- Japanese cover of Ultimo Vol. 1

機巧童子ULTIMO（ウルティモ） (Karakuri Dōji Urutimo)
- Genre: Action; Mecha; Superhero;
- Created by: Stan Lee

Chapter 0
- Written by: Stan Lee
- Illustrated by: Hiroyuki Takei
- Published by: Shueisha
- English publisher: NA: Viz Media;
- Magazine: Jump SQ.II
- English magazine: NA: Shonen Jump;
- Published: April 18, 2008
- Written by: Stan Lee; Hiroyuki Takei;
- Illustrated by: Hiroyuki Takei
- Published by: Shueisha
- English publisher: NA: Viz Media;
- Imprint: Jump Comics SQ.
- Magazine: Jump Square
- English magazine: NA: Shonen Jump;
- Original run: March 2009 – October 2015
- Volumes: 12 (List of volumes)

= Ultimo (manga) =

Japanese manga series

Ultimo, full title Karakuridôji Ultimo (機巧童子ULTIMO, Karakuri Dōji Urutimo), is a Japanese manga series created by American comic writer Stan Lee (and his production company Pow Entertainment) and illustrated by Hiroyuki Takei. The plot of the story depicts a conflict between good and evil, implicated through the Karakuridôji created by the character Dr. Dunstan. The pilot chapter "Karakuridôji Ultimo: Chapter 0" (機巧童子 ウルティモ: ゼロ, "Karakuri Dōji ULTIMO: Zero") was originally published in a special issue of Jump Square, called Jump SQ.II, on April 18, 2008. The series Ultimo was first serialized in Jump Square in March 2009, and it continued monthly serialization. Shueisha also published Ultimo in tankōbon format—the first published on July 3, 2009, and the fifth on November 4, 2010.
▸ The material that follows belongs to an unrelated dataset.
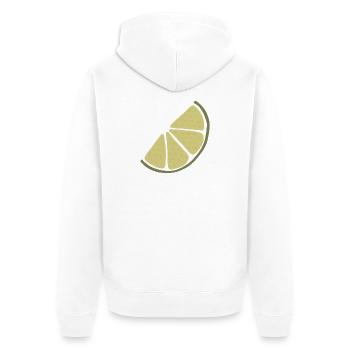 Lime Slice Citron Vert Minimaliste - Veste à capuche bio Premium Unisexe - blanc - Dos - Thijin (182cm)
Viz Media later licensed the manga for an English language adaptation in North America and published "Chapter: 0" in the September 2008 issue of Shonen Jump. In promotion of the English adaptation, a press conference was held at the 2008 New York Comic Con with promotional artwork. The series Ultimo was serialized monthly in Shonen Jump, beginning in the July 2009 issue and ending serialization in the February 2011 issue. It is now published directly into volumes, each containing multiple chapters of the series. Starting from volume 7, Ultimo was changed to Shonen Jump Advanced while it was marked as just Shonen Jump in volumes 1–6.

==Plot==

===Pilot chapter===
Ultimo and Vice were created in feudal Japan to be "perfect good" and "perfect evil" as Dr. Dunstan's "last curse upon this world." A thousand years later, a monster wearing a Noh mask wreaks havoc in Farmless City of Western Tokyo, while the S.K.A.T. Police unit cannot stop it. Ultimo plunges in to destroy the monster, explaining that the creature is about to show its true form, Vice, Ultimo's evil counterpart. The mechanical boys end their fight both badly damaged, and the movement of select groups around Japan begins.

===Serialization===
Yamato Agari is a 21st-century reincarnation of a bandit from the Heian period. As in the past, Yamato meets the "Karakuridôji", mechanical boys, that transform his otherwise normal life into a battle of good versus evil. Immediately after Yamato meets the dôji Ultimo, another one called Vice appears, and he barely escapes from their fight. Now acquainted with Ultimo, Yamato is confronted by many other dôji, both evil and good.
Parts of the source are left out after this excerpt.